The AIX documentation also defines symbol descriptor `J' as an
internal function. I assume this means a function nested within another
function. It also says symbol descriptor `m' is a module in Modula-2
or extended Pascal.
Procedures (functions which do not return values) are represented as
functions returning the `void' type in C. I don't see why this couldn't
be used for all languages (inventing a `void' type for this purpose if
necessary), but the AIX documentation defines `I', `P', and `Q' for
internal, global, and static procedures, respectively.
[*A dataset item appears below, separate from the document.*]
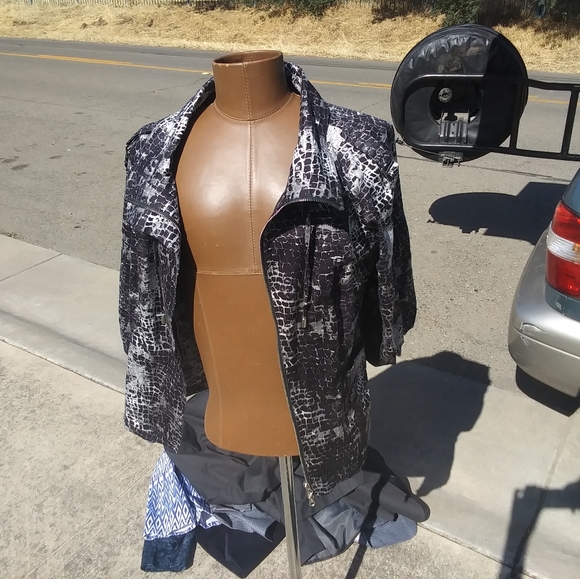 Laura max jacket - Picture 1 of 8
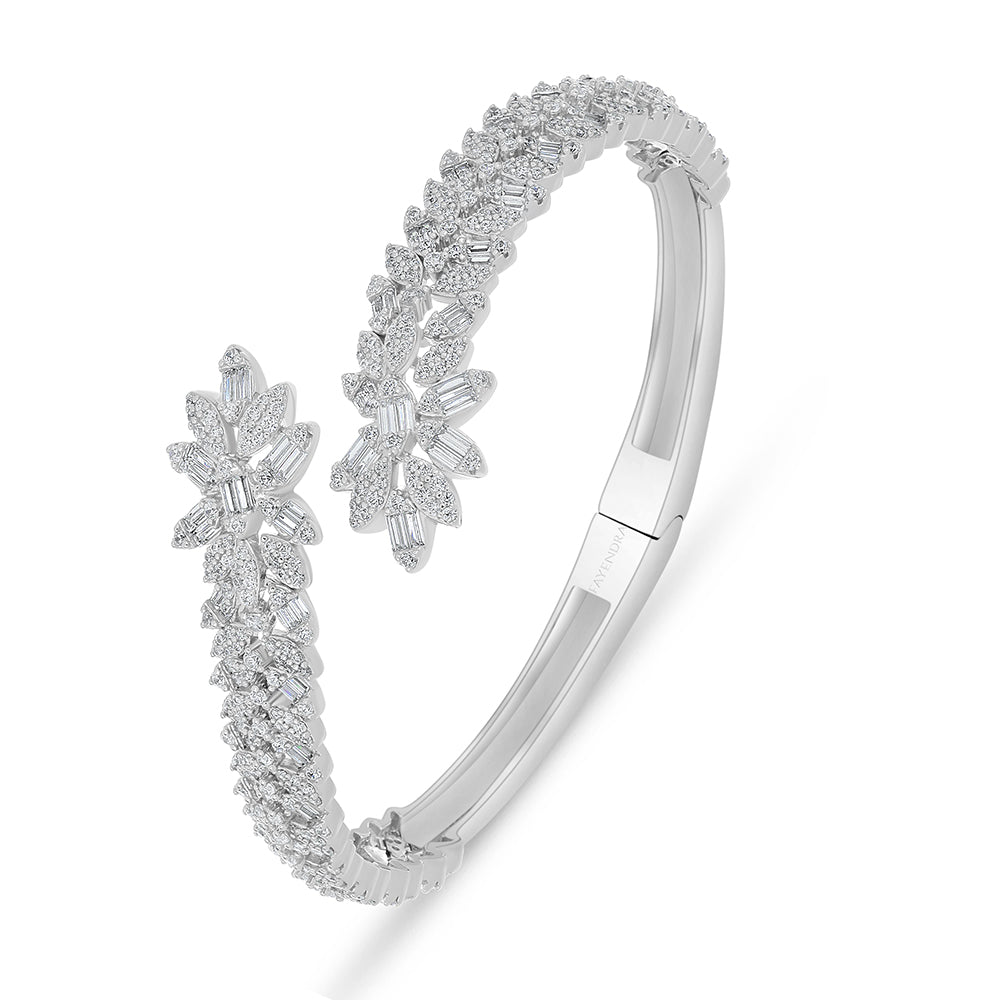 بنجلة من الفضة الخالصة عيار 925 مطلية روديوم مرصعة فص ابيض ( 52*58 )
These symbol
descriptors are unusual in that they are not followed by type
information.
The following example shows a stab for a function `main' which
returns type number `1'. The `_main' specified for the value is a
reference to an assembler label which is used to fill in the start
address of the function.
.stabs "main:F1",36,0,0,_main # 36 is N_FUN
The stab representing a procedure is located immediately following
the code of the procedure. This stab is in turn directly followed by a
group of other stabs describing elements of the procedure. These other
stabs describe the procedure's parameters, its block local variables,
and its block structure.
If functions can appear in different sections, then the debugger may
not be able to find the end of a function. Recent versions of GCC will
mark the end of a function with an `N_FUN' symbol with an empty string
for the name. The value is the address of the end of the current
function. Without such a symbol, there is no indication of the address
of the end of a function, and you must assume that it ended at the
starting address of the next function or at the end of the text section
for the program.
File: stabs.info, Node: Nested Procedures, Next: Block Structure, Prev: Procedures, Up: Program Structure
Nested Procedures
=================
For any of the symbol descriptors representing procedures, after the
symbol descriptor and the type information is optionally a scope
specifier. This consists of a comma, the name of the procedure, another
comma, and the name of the enclosing procedure. The first name is local
to the scope specified, and seems to be redundant with the name of the
symbol (before the `:'). This feature is used by GCC, and presumably
Pascal, Modula-2, etc., compilers, for nested functions.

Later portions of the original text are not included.